Agent configuration structure

Agent-based configs share the same overall configuration model as completion-mode AgentControl, but have a different variation structure. Each config includes a mode property that is set at creation time and determines which fields are required and how targeting, evaluation, and metrics are handled.

In agent-based configs, each variation requires a description and an instructions field. These fields define how the model should behave when evaluated. Agent-based variations do not use message roles or message history. Workflow behavior is defined through the instructions field and any configuration associated with the variation.

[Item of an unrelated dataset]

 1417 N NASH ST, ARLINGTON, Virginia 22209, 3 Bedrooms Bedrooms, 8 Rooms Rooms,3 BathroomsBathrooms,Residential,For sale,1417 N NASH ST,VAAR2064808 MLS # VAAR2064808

Because agent-based configs use an instructions-based structure rather than message-based prompts, the Monitoring tab may display metrics differently for agent-based workflows.

Monitor agent performance

The Monitoring tab displays metrics for each variation of an agent-based config. Metrics include:

  • Generations
  • Time to generate
  • Time to first token
  • Token usage
  • Costs
  • Error rate
  • Satisfaction, when instrumented

Monitoring helps you assess how structured workflows behave in production and identify where a variation may need adjustment.

Online evaluations are not supported for agent-based configs. You cannot attach judges to agent-based config variations.

To learn more, read Monitor config performance.

Target and release agent-based variations

Use targeting rules to determine which users receive each variation of an agent-based config. You can release updated workflows gradually, apply segmentation rules, or test alternative workflow strategies.

Guarded rollouts let you introduce workflow changes safely while monitoring for regressions. Approvals ensure that changes receive review before becoming active.

To learn more, read Config targeting.

Compatibility

Agent-based configs are supported in the Node.js (server-side) AI SDK and Python AI SDK.

You can create AgentControl configs in either completion mode or agent mode. You cannot change the mode after creation.